The hitch design you see here is Generation 2, and is extremely overbuilt but gets the job done on our 30-ft Concord drill. The hitch pins can be unbolted and the tongue moved 3 inches from left to centre and also 3 inches from centre to right for a total of 6 inches on our 12-inch row spacing. Many offset hitch designs on 12-inch spacing move the hitch 6 inches left, then 6 inches right the next season. This tends to leave one large and one small guess row between passes when seeding back and forth.

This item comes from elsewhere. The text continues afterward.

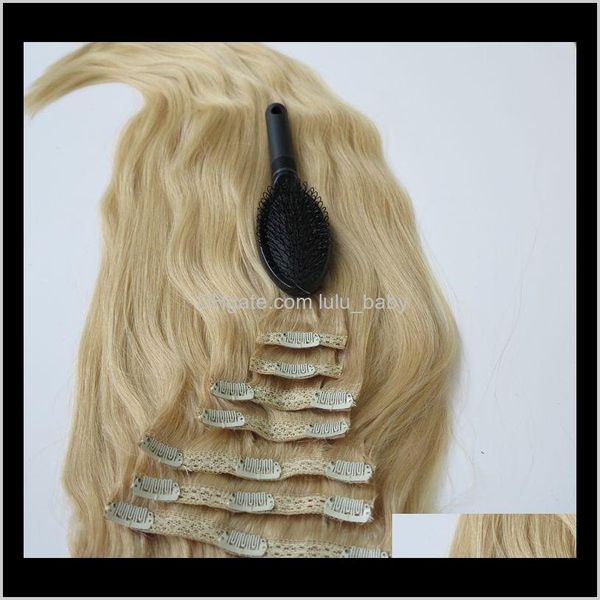 280g 22inch in human brazilian 613bleach blonde remy straight weaves 8pcsset comb txtub inon ugo14, Black;brown
280g 22inch in human brazilian 613bleach blonde remy straight weaves 8pcsset comb txtub inon ugo14, Black;brown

For example, if you move 6 inches to the right one year, you’ll have an 18-inch gap (12-inch row spacing plus 6-inch side shift) on one side, and coming back a 6-inch gap (12-inch row sapcing less 6-inch side shift) on the next pass. Eighteen inches is a lot of wasted room and forces you in to a situation where you have to remove an opener from one side drill and place it on the other side to inter-row seed properly the next year. With 2-inch openers on 12-inch spacing, we chose to move 3 inches on each side, leaving us a 15-inch gap and a 9-inch gap between rows which is reasonable. The photo you see here shows the pin placement in year 1 (Y1), year 2 (Y2) and year 3 (Y3).

From my experience, when it comes to determining what opener width and row spacing you need, it all comes down to seedbed utilization. To determine your own seedbed utilization you simply divide your opener width by your row spacing and mutiply by 100.

For example: 2.5 inch opener ÷ 10 inch spacing × 100 = 25% SBU

Having a 25% SBU or less allows you to travel between the stubble for up to three years, allowing ample time for the residue on year one to break down by year four when you’ll be seeding over that row.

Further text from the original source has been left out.